Re: [PATCH net] bonding: Fix warning in default_device_exit_batch()
From: Nikolay Aleksandrov
Date: Sun Mar 12 2023 - 16:58:29 EST
On 12/03/2023 17:21, Shigeru Yoshida wrote:
> syzbot reported warning in default_device_exit_batch() like below [1]:
>
> WARNING: CPU: 1 PID: 56 at net/core/dev.c:10867 unregister_netdevice_many_notify+0x14cf/0x19f0 net/core/dev.c:10867
> ...
> Call Trace:
> <TASK>
> unregister_netdevice_many net/core/dev.c:10897 [inline]
> default_device_exit_batch+0x451/0x5b0 net/core/dev.c:11350
> ops_exit_list+0x125/0x170 net/core/net_namespace.c:174
> cleanup_net+0x4ee/0xb10 net/core/net_namespace.c:613
> process_one_work+0x9bf/0x1820 kernel/workqueue.c:2390
> worker_thread+0x669/0x1090 kernel/workqueue.c:2537
> kthread+0x2e8/0x3a0 kernel/kthread.c:376
> ret_from_fork+0x1f/0x30 arch/x86/entry/entry_64.S:308
> </TASK>
>
> For bond devices which also has a master device, IFF_SLAVE flag is
> cleared at err_undo_flags label in bond_enslave() if it is not
> ARPHRD_ETHER type.

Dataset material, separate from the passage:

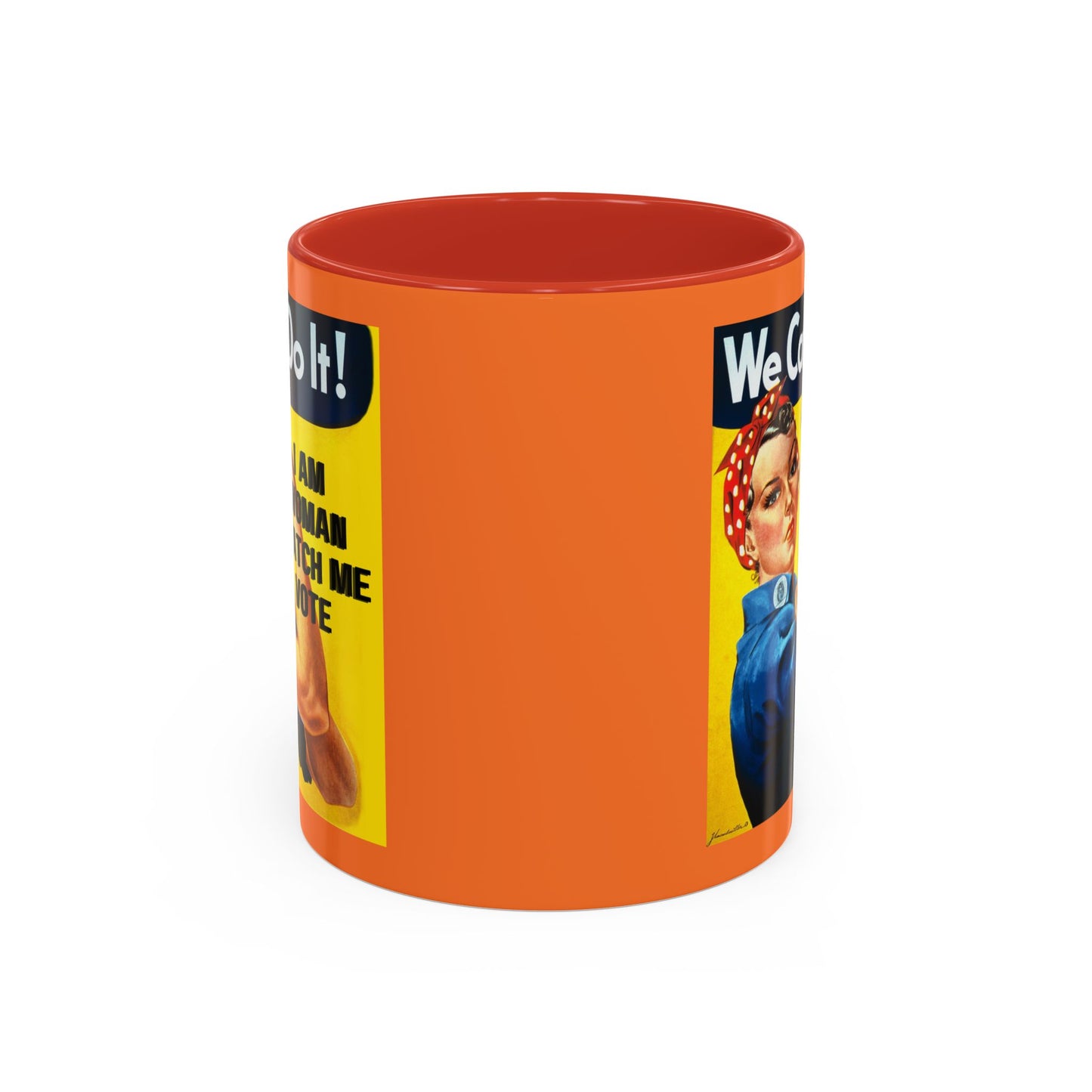 I Am Woman Watch Me Vote Rosie Orange Accent Mug by cypherpunkgear.com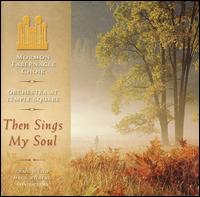 Mormon Tabernacle Choir - Then Sings My Soul lyrics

In this case, __bond_release_one() is not called
> when bond_netdev_event() received NETDEV_UNREGISTER event. This
> causes the above warning.
>
> This patch fixes this issue by setting IFF_SLAVE flag at
> err_undo_flags label in bond_enslave() if the bond device has a master
> device.
>
The proper way is to check if the bond device had the IFF_SLAVE flag before the
ether_setup() call which clears it, and restore it after.
> Fixes: 7d5cd2ce5292 ("bonding: correctly handle bonding type change on enslave failure")
> Cc: Nikolay Aleksandrov <nikolay@xxxxxxxxxxxxxxxxxxx>
> Link: https://syzkaller.appspot.com/bug?id=391c7b1f6522182899efba27d891f1743e8eb3ef [1]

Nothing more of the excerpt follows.